Thread: the objects of activity within the process. Includes: a unique program counter, process stack, Set of process registers

The kernel schedules threads not process.

To linux, a thread is implemented as a special kind of process

Process provides two virtualizations
– Virtualized processor (schedule): it gives the process the illusion that it alone monopolizes the system.
– Virtual memory (memory): let the process allocate the manage memory as if it alone owned all the memory in the system.

Threads share the virtual memory abstraction whereas each receives its own virtualized processor

Process is an active program
Two and more processes can exist that are executing the same program, sharing various resources

How the process begins?

The existing process will create another process by calling fork()
The existing process is parent
The new process is child
The parent process will resume execution and the child process will start the execution both when the fork() return

The fork() system call return twice from kernel: one in parent process another one in the child process

What happens after creation?

The process will execute a new, different program. The exec() family of function calls creates new address space and loads a new program into it.

How does the process end?

A program exits via exit() system call. This call terminates the process and free resources.
The parent process can inquire about the status of a terminated child via wait4() system call, which enables a process to wait for the termination of a specific process.
When the process exists, it’s placed into a special zombie state that represents terminated processes until the parent calls wait() or waitpid()

Another name for a process is a task!

How does the kernel store all those processes?

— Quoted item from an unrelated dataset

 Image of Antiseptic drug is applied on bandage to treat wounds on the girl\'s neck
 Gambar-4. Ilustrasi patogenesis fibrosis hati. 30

The kernel stores list of processes in a circular doubly linked list called Task List

What’s process descriptor?

Each element in the task list is a process descriptor. Each process descriptor is of the type: struct task_struct which is defined in <linux/sched.h>
The process descriptor contains all the info about a specific process.

The task_struct contains the data e.g. open files, the process’s address space, pending signals, the process’s state and etc

How to allocate the process descriptor

The task_struct is allocated via slab allocator

With the process descriptor dynamically created by slab allocator, a new structure thread_info will be generated and live at the bottom of the stack (for stack that grows down) or top of the stack (for stack that grows up)

thread_info has a pointer to the task_struct

Each task’s thread_info is allocated a the end of its stack.

How to get the current working process descriptor?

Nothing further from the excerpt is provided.